Facebook has begun to pull down “misleading” adverts targeting users of HIV-preventing PrEP drugs, after strong criticism from HIV charities.
A coalition of HIV and LGBT+ groups had sent an open letter earlier this month, warning that Facebook adverts were spreading false information within the LGBT+ community about Pre-Exposure Prophylaxis (PrEP).
Personal injury lawyers, who are believed to be building support for a prospective drug lawsuit, were accused of “scaring away” people who would benefit from PrEP with targeted ads raising fears about side-effects like bone and kidney damage.
Facebook finally pulls down misleading PrEP ads
Although Facebook initially declined to act, The Washington Post reports that the adverts are now finally being pulled down – after the website’s third-party fact-checkers concluded they were misleading.
Peter Staley, a cofounder of the PrEP4All Collaboration, said: “It’s gratifying to see one of Facebook’s fact-checkers backing up the overwhelming consensus of AIDS, LGBTQ, and HIV medical groups that these ads are misleading.
“But the question remains – why is Facebook taking money from these ambulance-chasing law firms for ads that are helping the spread of HIV?”
Sarah Kate Ellis of GLAAD said: “Removing select ads is a strong first step, but the time is now for Facebook to take action on other very similar ads which target at-risk community members with misleading and inaccurate claims about PrEP and HIV prevention.
“Dozens of organisations have told Facebook that the safety and effectiveness of PrEP to prevent HIV transmission is unequivocal.
“The pervasiveness of these ads and the subsequent real world harm should be catalysts for Facebook to further review how misleading and inaccurate ads are allowed to be targeted at LGBTQ and other marginalised communities.”
Facebook’s prior refusal to act over the ads had led to criticism from Presidential hopeful Elizabeth Warren, who said: “Facebook is allowing entities to target misleading and false ads about HIV prevention drugs to LGBTQ+ communities and others.
“This can have serious public health consequences.
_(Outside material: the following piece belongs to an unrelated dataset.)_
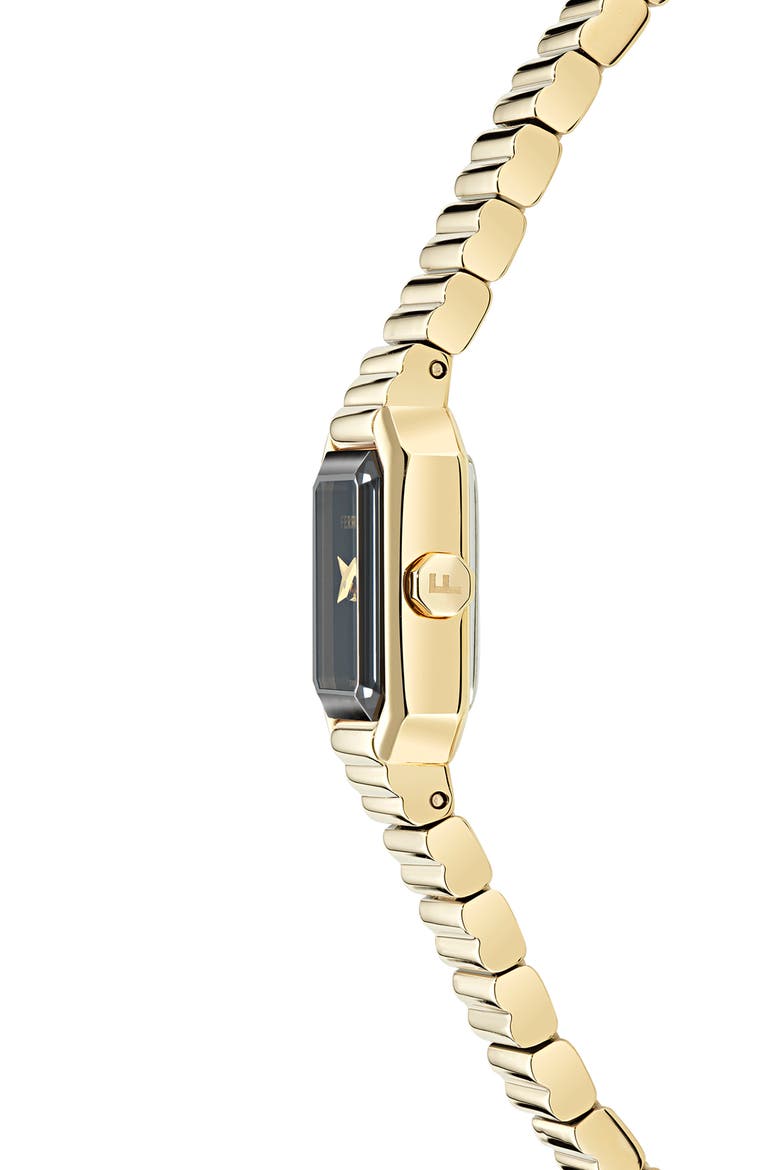 Crystal Petite Bracelet Watch, 15mm x 20mm, Alternate, color, YELLOW GOLD/BLACK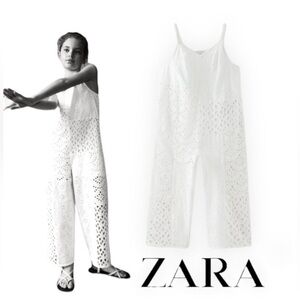 ZARA Kids | White | SWISS EMBROIDERY JUMPSUIT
Facebook needs to put the safety of its users above its own advertising profits.”
Ads ‘overstate risk’ for PrEP users
Fact-checking website Health Feedback noted in July that one ad “overstates the risks for those who take Truvada as a preventative” and “ignores the fact that the health benefits of taking Truvada for both HIV prevention and treatment may greatly outweigh the risks.
It noted that extensive studies have shown that “no significant health effects have been seen in people who are HIV-negative and have taken PrEP for up to 5 years.”